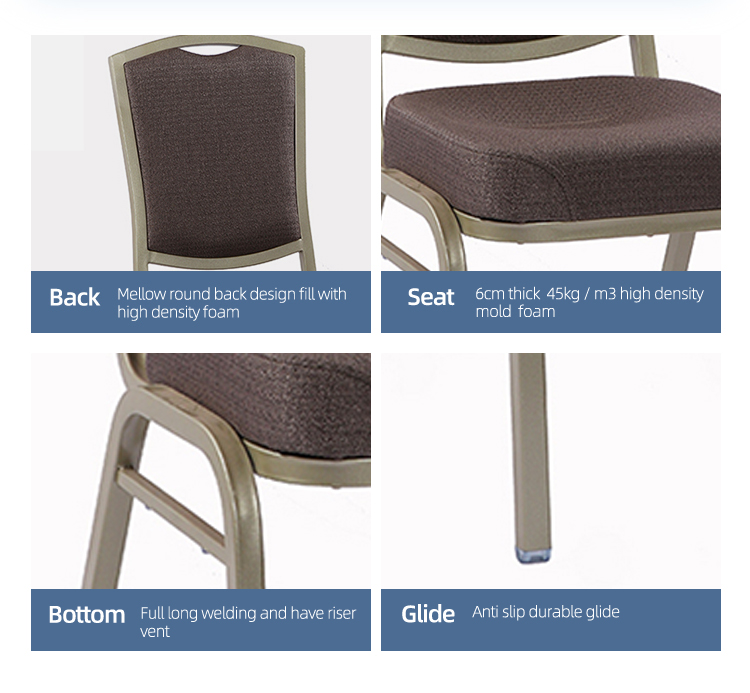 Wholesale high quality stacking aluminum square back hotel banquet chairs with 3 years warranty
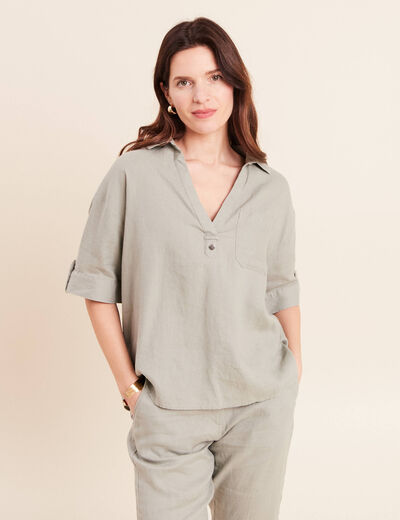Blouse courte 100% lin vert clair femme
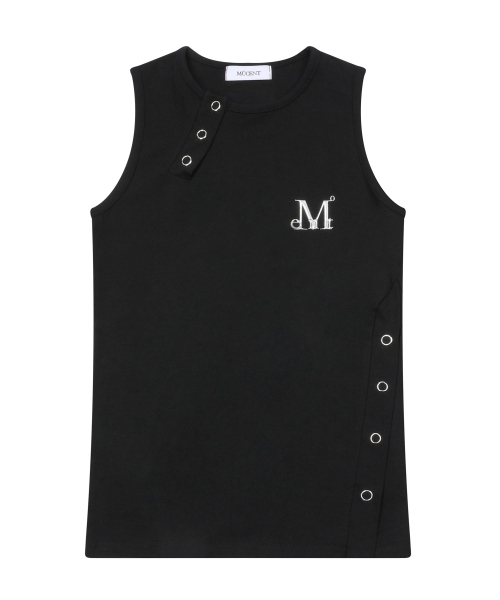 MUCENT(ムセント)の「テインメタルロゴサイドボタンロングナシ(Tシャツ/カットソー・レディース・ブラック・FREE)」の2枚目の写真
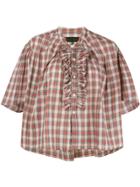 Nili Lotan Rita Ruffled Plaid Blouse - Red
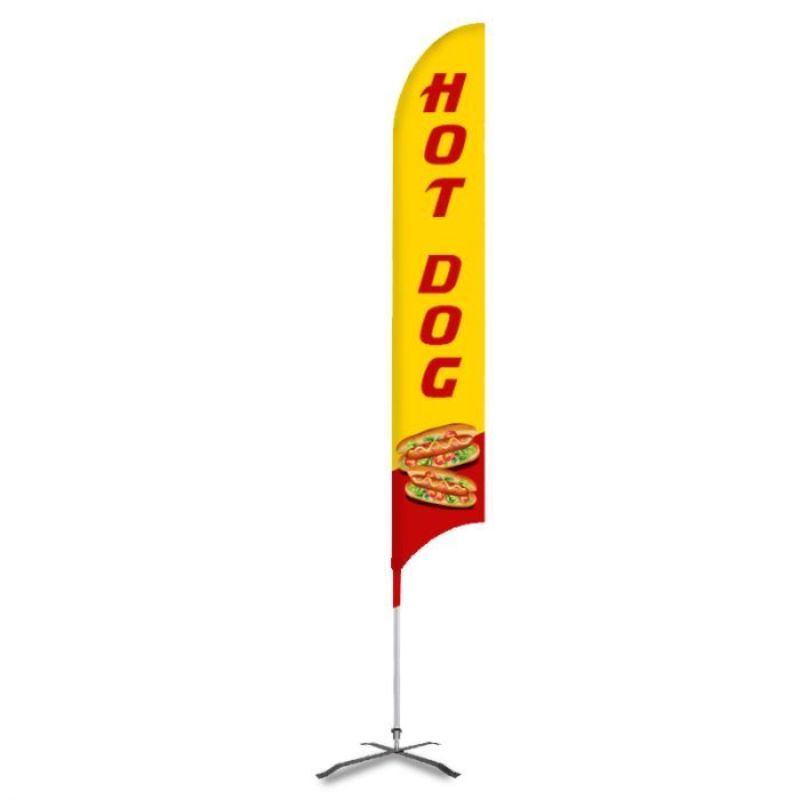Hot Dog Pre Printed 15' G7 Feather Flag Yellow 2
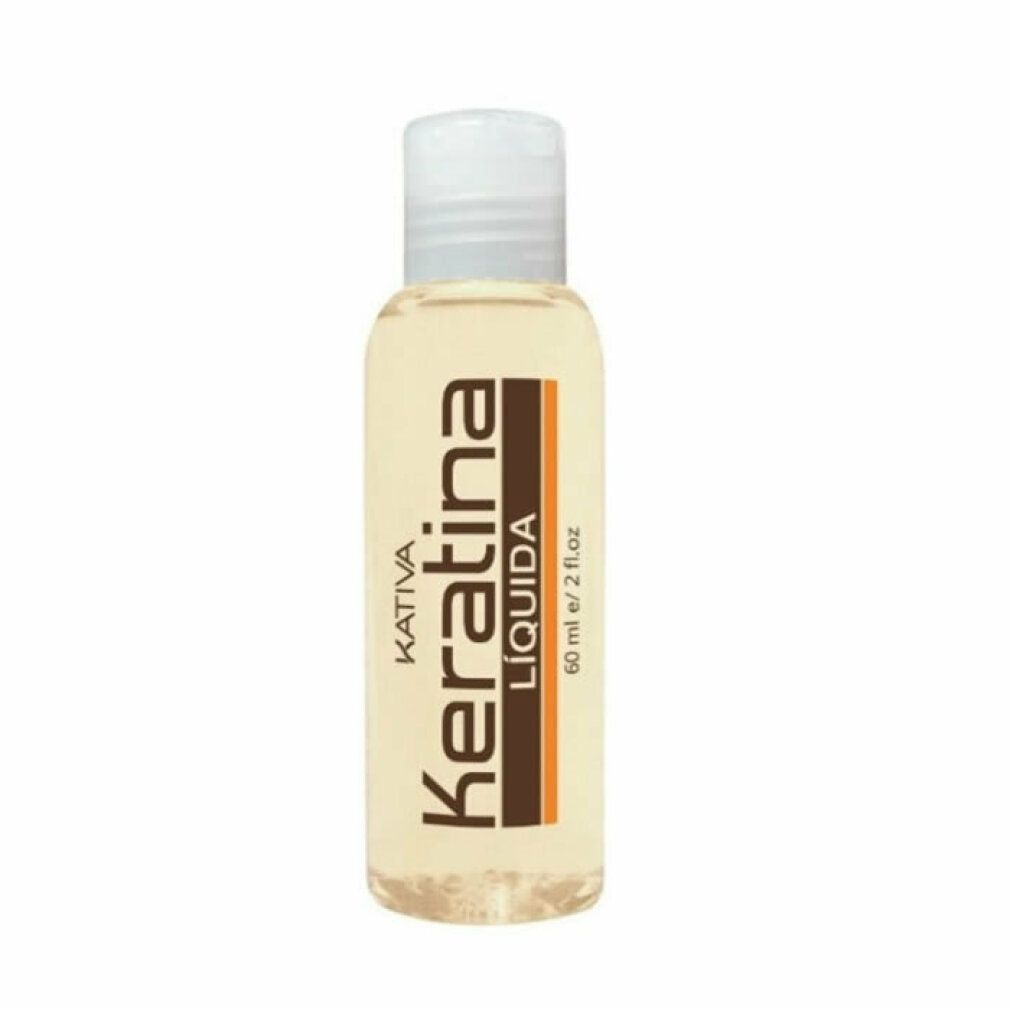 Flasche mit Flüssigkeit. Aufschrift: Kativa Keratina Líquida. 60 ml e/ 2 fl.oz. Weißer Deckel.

++++++++

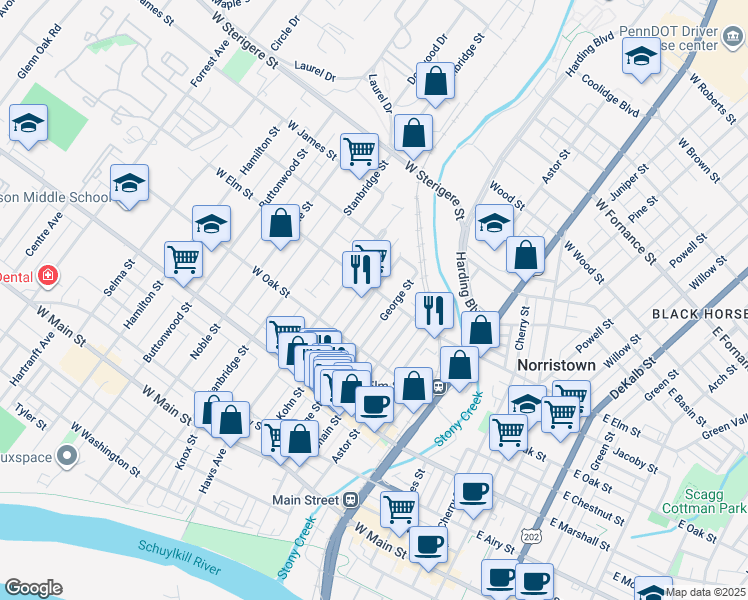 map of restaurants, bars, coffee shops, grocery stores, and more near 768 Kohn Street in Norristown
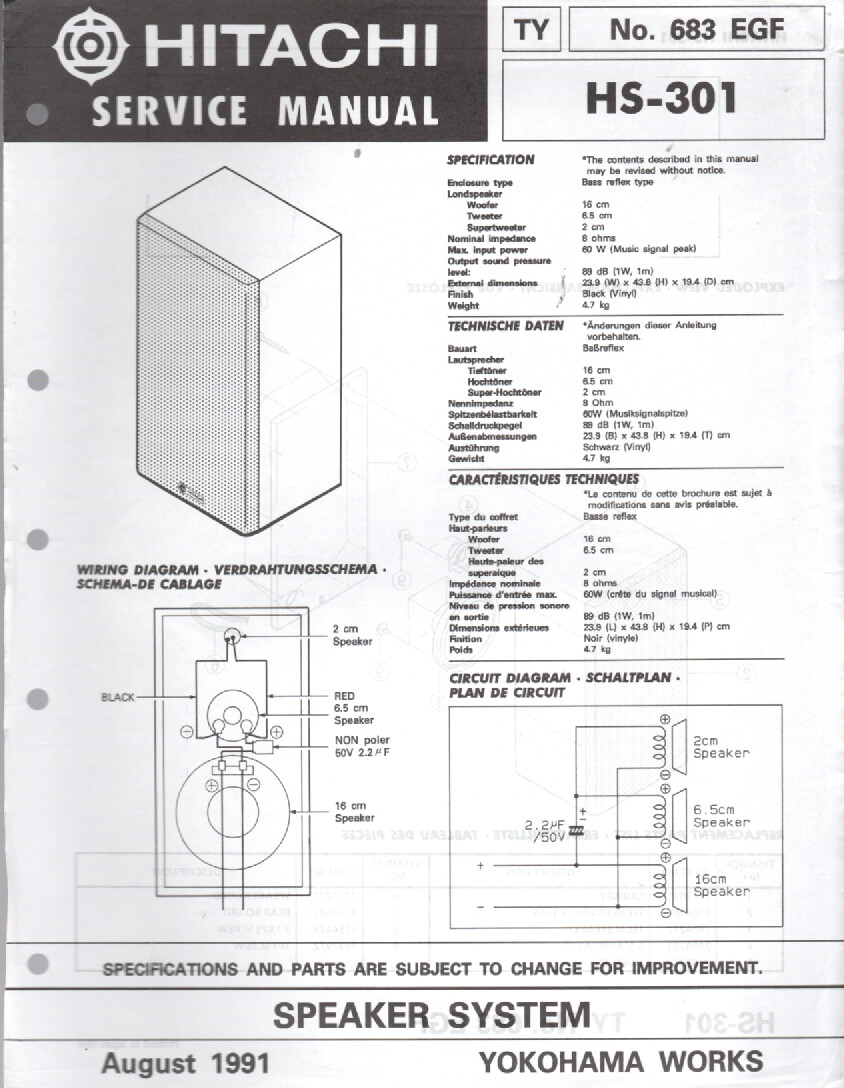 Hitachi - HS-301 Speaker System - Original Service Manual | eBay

++++++++

» EXERCISE AIM: Would you copy, word for word, only the lines above from the one containing "MUCENT(ムセント)の「" through the one containing "Flasche mit Flüssigkeit.", both included, and please leave out the pictures?

» YOUR SOLUTION:
 MUCENT(ムセント)の「テインメタルロゴサイドボタンロングナシ(Tシャツ/カットソー・レディース・ブラック・FREE)」の2枚目の写真
 Nili Lotan Rita Ruffled Plaid Blouse - Red
Hot Dog Pre Printed 15' G7 Feather Flag Yellow 2
 Flasche mit Flüssigkeit. Aufschrift: Kativa Keratina Líquida. 60 ml e/ 2 fl.oz. Weißer Deckel.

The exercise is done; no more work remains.